Last night, after undergoing an exceptionally tense situation during the day, everything was calm in the Hungarian village of Gyöngyöspata. The tensions had been caused by street fighting between local Roma residents and members of paramilitary “Guards”. Hungarian Interior Minister Sándor Pintér is promising to intervene uncompromisingly against those who provoked the violence and against those Roma people who took justice into their own hands.

Police have released video footage from a camera installed to monitor the public space where the fighting took place. The footage shows that a group of extremists, strongly under the influence of alcohol, vented their feelings in a street occupied by Roma families, who protested against their doing so. An altercation followed and the Roma people eventually beat up the provocateurs. The total number of those participating in the conflict is estimated from the footage to have been between 40 and 50 people. Four people were seriously injured. As of this afternoon, police have arrested seven people in relation to the fighting, including one local resident.

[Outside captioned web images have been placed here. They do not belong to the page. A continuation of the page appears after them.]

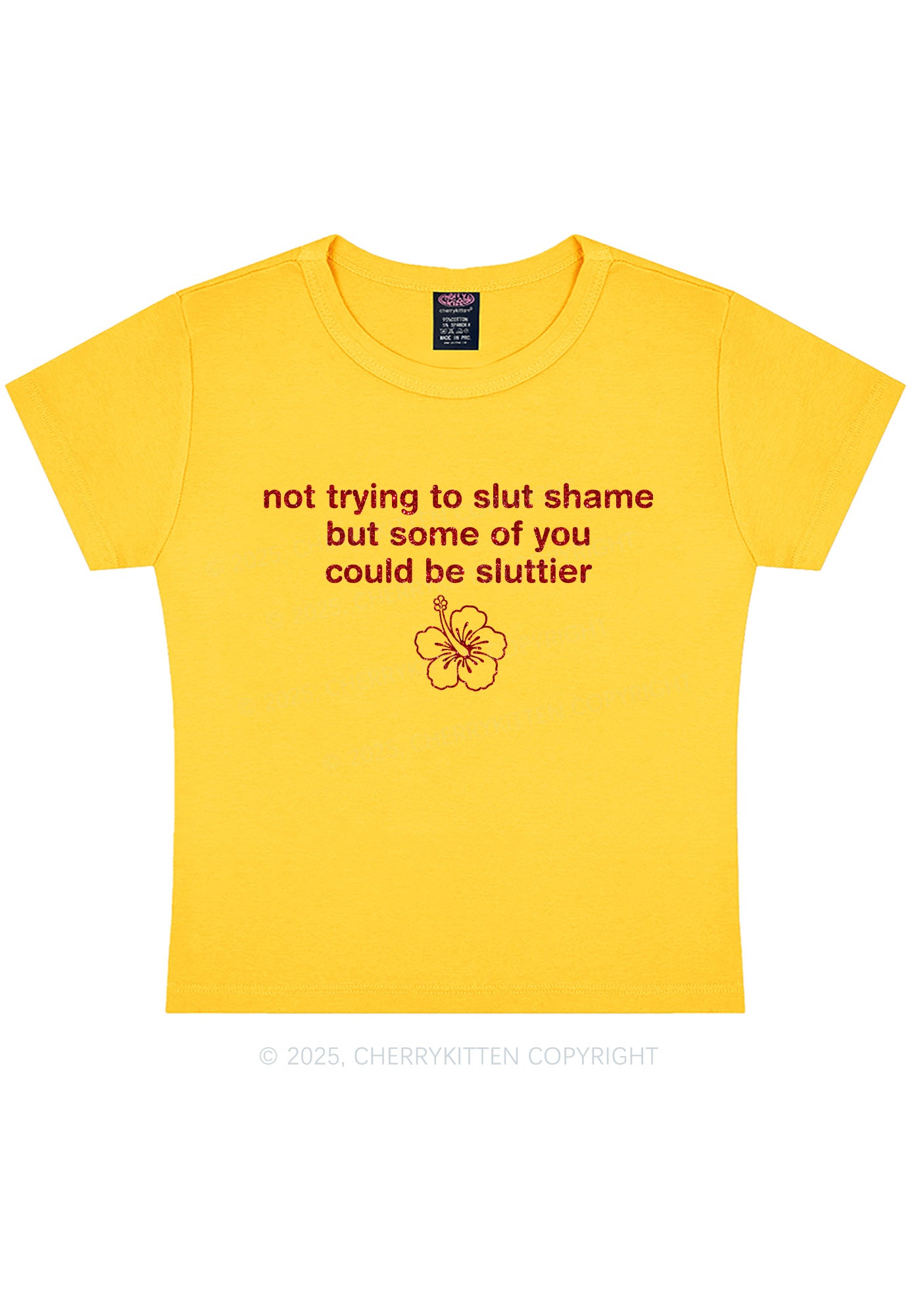Glitter Not Trying To Slxt Shame Y2K Baby Tee Cherrykitten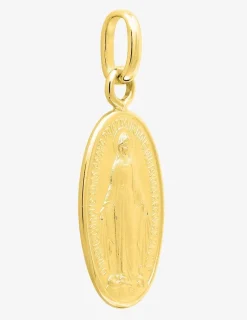 Pendentif médaille vierge miraculeuse or jaune 750 ‰ 11 x 22 mm SO OR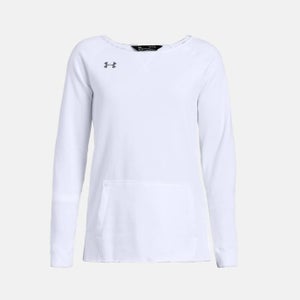 Women's Under Armour White Hustle Fleece Cut-Off Crewneck Sweatshirt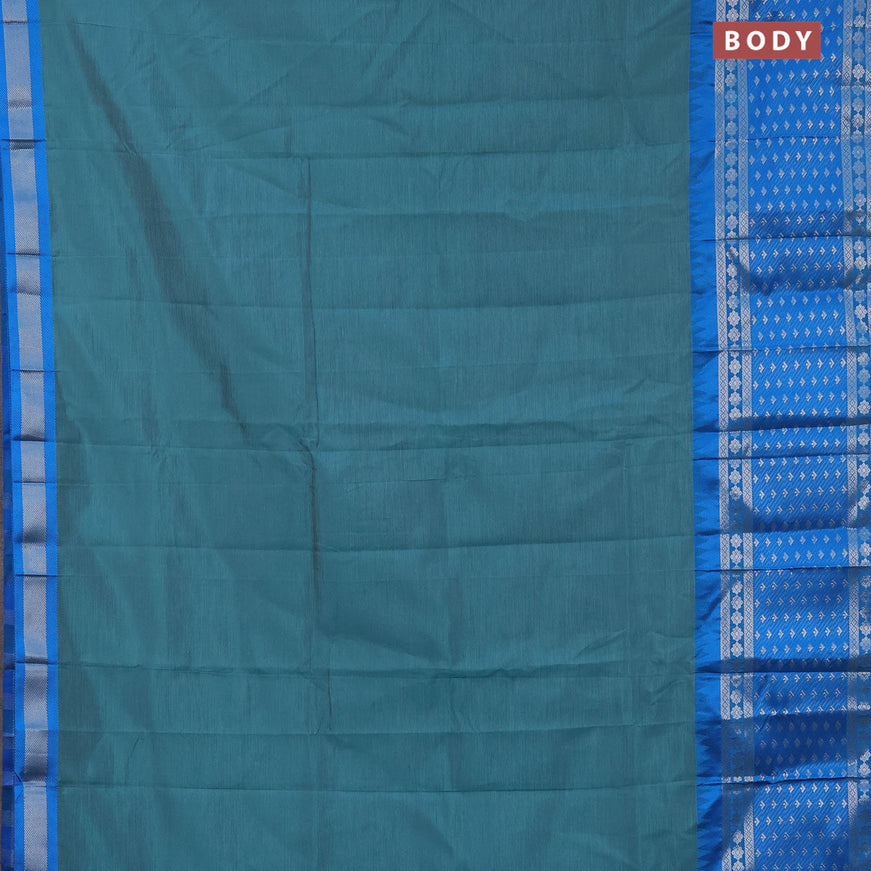 Semi mangalgiri silk saree teal green and cs blue with plain body and temple design long silver zari woven border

Last Friday, almost 300 Roma children and women from Gyöngyöspata, assisted by the Red Cross, were taken away by bus from the village for two days because they feared attack from members of the Véderö (Defense) organization. Roma community leader János Farkas said that as a result of the construction of a training camp for the group, the village had changed into a battlefield and that people were afraid of militia members in military clothing who had been patrolling the village for several weeks.

Péter Szijjártó, spokesperson for the Hungarian Prime Minister, said Hungary is facing a new kind of criminality in which uniformed people are organizing patrols without permission and endangering society through their actions. The government wants to amend the penal code to increase the possible sentencing for such actions.

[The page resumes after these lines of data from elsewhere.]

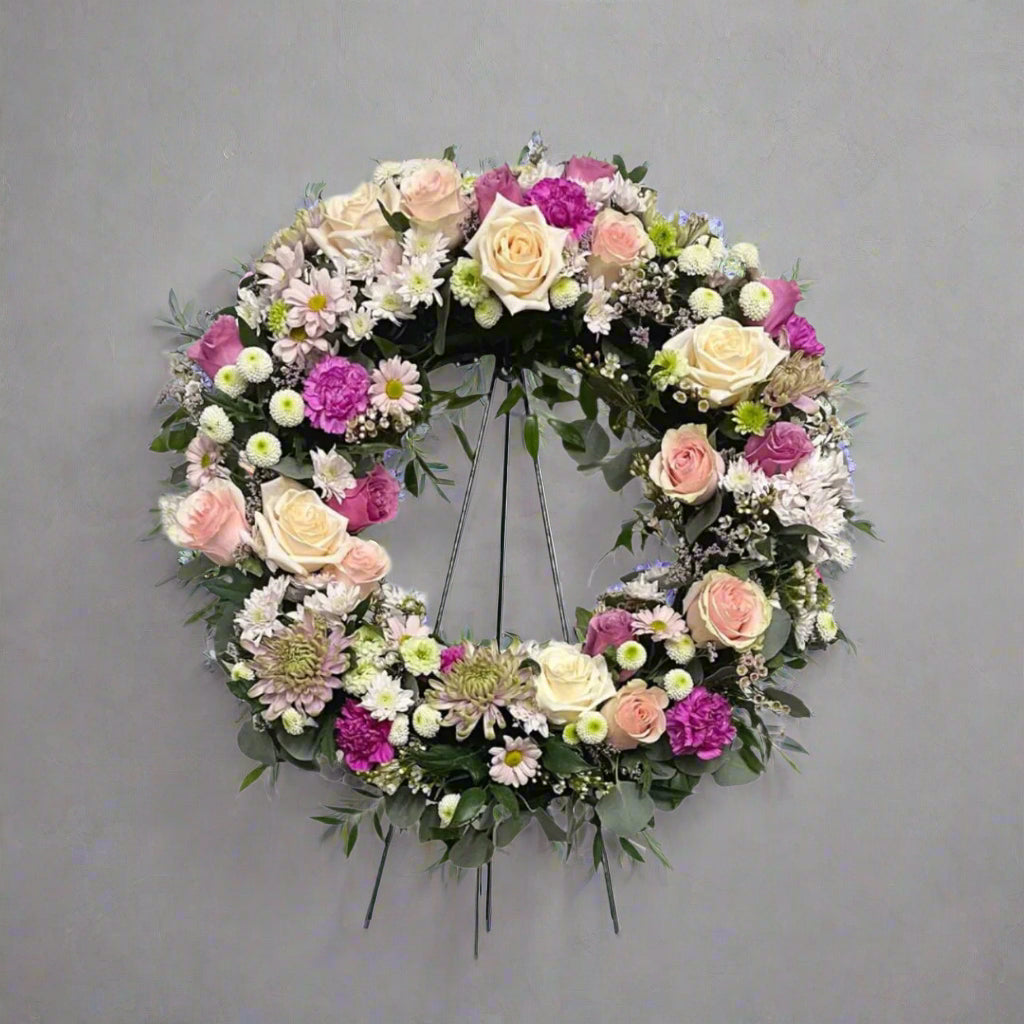 Pastel Funeral Wreath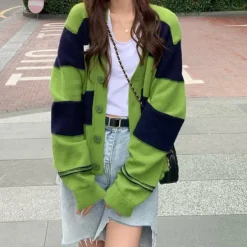 Striped Sweaters|Knit Cardigans*Boogzel Clothing Grunge Aesthetic Striped Cardigan Green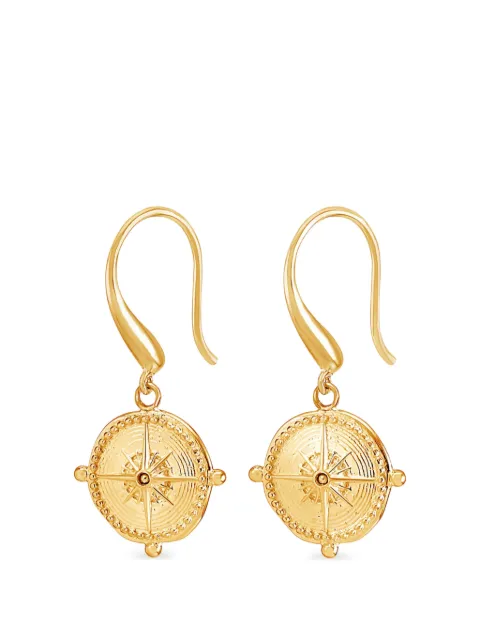 DOWER AND HALL True North drop earrings Gold SCE14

Hungarian Interior Minister Sándor Pintér said on television that no one can break the law in Hungary, not by dressing in a “Guard” uniform, not by marching, and not by willfully responding to provocation by using iron bars as weapons. Police will proceed against both sides of the conflict with the utmost rigor. Police officers in Gyöngyöspata will be on high alert until the end of the week.

László Horváth, a representative of the local regional administration, called current events in the village a “political festival” being paid for by the taxpayer. To date he says police maneuvers have cost the region 40 million forints.